Building fears prompt extra safety checks at colleges
Colleges across Scotland are carrying out additional safety checks on their buildings in light of the Edinburgh school closures, TESS can reveal.
At least five are bringing forward condition surveys of their estates or undertaking other checks as a precautionary measure to ensure the safety of staff and students.
The news comes after 17 Edinburgh schools were closed amid safety concerns. All the buildings were erected by Miller Construction – acquired by Galliford Try in 2014 – around a decade ago, and financed under a public-private partnership scheme.
Number one priority
TESS understands that at least five colleges had Miller involved in the construction of their campuses. Forth Valley College, Dumfries and Galloway College, and Inverness College UHI were among the institutions that told TESS they were now carrying out additional checks. At Forth Valley, both Alloa and Stirling campuses will be subject to a conditions survey.

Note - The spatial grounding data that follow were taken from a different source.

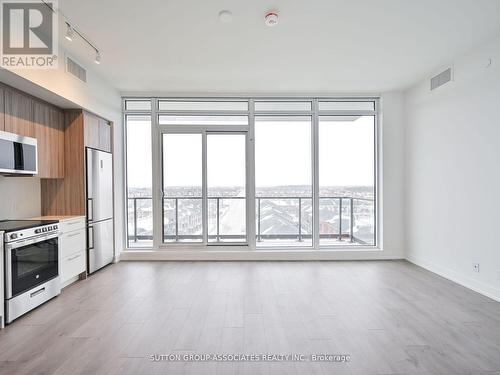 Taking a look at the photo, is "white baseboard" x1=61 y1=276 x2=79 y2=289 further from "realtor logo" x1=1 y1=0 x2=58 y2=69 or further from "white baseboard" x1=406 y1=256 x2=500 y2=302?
"white baseboard" x1=406 y1=256 x2=500 y2=302

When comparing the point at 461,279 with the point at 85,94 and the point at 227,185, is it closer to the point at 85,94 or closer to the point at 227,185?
the point at 227,185

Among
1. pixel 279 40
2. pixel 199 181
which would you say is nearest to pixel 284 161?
pixel 199 181

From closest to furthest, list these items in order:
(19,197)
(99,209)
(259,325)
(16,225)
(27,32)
Result: (259,325) < (27,32) < (16,225) < (19,197) < (99,209)

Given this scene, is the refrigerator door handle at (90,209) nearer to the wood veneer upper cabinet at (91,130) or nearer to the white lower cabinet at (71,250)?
the white lower cabinet at (71,250)

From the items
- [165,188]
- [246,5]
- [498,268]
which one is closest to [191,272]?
[165,188]

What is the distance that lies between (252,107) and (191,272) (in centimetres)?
311

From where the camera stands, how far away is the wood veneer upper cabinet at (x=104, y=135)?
175 inches

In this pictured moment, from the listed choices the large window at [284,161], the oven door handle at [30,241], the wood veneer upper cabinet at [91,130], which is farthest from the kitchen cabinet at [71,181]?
the large window at [284,161]

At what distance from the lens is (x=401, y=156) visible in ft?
16.5

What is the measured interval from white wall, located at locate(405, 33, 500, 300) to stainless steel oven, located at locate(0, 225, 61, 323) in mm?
5294

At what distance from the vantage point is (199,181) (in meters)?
5.07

Edinburgh College said that although its buildings were of different build types to the schools, it was bringing in a structural engineering firm this week to conduct checks.

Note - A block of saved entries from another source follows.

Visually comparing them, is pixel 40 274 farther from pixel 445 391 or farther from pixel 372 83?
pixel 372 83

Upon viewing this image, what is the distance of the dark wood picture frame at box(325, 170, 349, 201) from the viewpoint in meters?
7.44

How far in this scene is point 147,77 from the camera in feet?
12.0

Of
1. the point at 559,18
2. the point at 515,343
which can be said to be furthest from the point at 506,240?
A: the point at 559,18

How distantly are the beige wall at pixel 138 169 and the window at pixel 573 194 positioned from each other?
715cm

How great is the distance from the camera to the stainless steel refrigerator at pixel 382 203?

New College Lanarkshire said that it had commissioned a full condition survey in 2014-15 that did not raise any areas of concern for its Motherwell campus, built by Miller.
Vonnie Sandlan, president of NUS Scotland, said that it was encouraging to see colleges acting quickly to ensure that there were no structural issues. “Given the recent revelations about the safeness and soundness of schools built under similar contracts and companies, this could obviously cause concern for staff and students at any college involved,” she added.
The number one priority had to be ensuring that students were able to get on with their studies as normal in a safe environment, Ms Sandlan stressed.
Helen Pedley, the director of organisation development and facilities at Dumfries and Galloway, said that the college conducted regular condition surveys as part of its maintenance programme, adding: “In light of recent information the college will undertake a further survey earlier than planned.”
A spokeswoman for Forth Valley said that it was monitoring the situation at Edinburgh schools closely. “While we have no reason to believe that our own campuses built by Miller Construction are in any way structurally compromised, we have initiated an additional conditions survey outwith our regular maintenance programme. As always, the safety of our staff and students is paramount.”
Ten colleges told TESS that they did not plan any checks beyond their pre-existing systematic programmes, and a number outlined the safeguards that they had in place.
A spokeswoman for Ayrshire College said that, although none of its buildings were built by Miller, it was reviewing the college estate, and that building checks would be carried out as a precautionary measure.
A spokesman for the SFC said: “We have consulted our advisers about the college buildings that were built by Miller at around the same time as the affected schools. In their opinion, there is a very low risk of any problems with the brickwork as this would have been picked up by the clerk of works for each project.
“We are working with the advisers to draw up a due diligence checklist for colleges to help them with any concerns they might have regarding health and safety.”
Galliford Try was contacted, but declined to comment.